Start of SOURCE MATERIAL

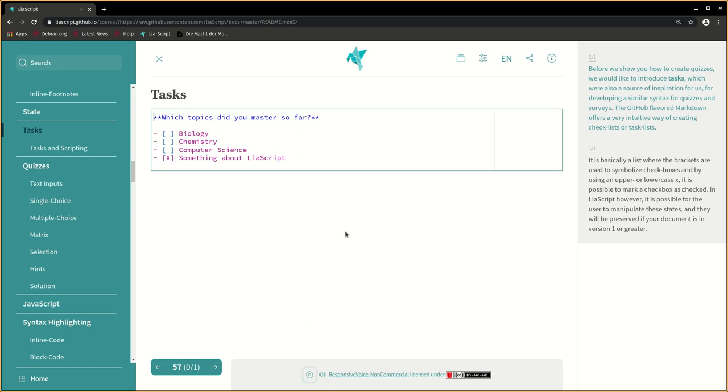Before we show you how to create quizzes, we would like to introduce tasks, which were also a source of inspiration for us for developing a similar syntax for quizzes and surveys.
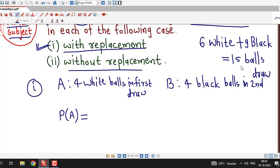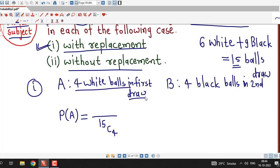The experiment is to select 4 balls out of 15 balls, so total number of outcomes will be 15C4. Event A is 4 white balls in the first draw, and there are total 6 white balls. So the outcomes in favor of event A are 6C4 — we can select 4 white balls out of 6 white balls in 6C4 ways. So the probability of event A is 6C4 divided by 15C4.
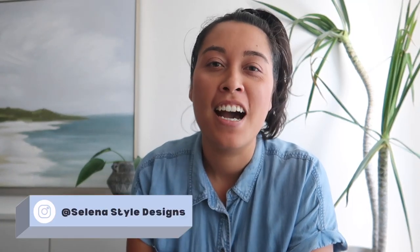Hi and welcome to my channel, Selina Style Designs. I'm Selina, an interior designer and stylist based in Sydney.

End of SOURCE MATERIAL

WHAT THIS TASK INVOLVES = When you reach the line that contains "The experiment is", start copying the listing word for word and stop only after its last line, without any pictures.

EXERCISE SOLUTION =
The experiment is to select 4 balls out of 15 balls, so total number of outcomes will be 15C4. Event A is 4 white balls in the first draw, and there are total 6 white balls. So the outcomes in favor of event A are 6C4 — we can select 4 white balls out of 6 white balls in 6C4 ways. So the probability of event A is 6C4 divided by 15C4.
Hi and welcome to my channel, Selina Style Designs. I'm Selina, an interior designer and stylist based in Sydney.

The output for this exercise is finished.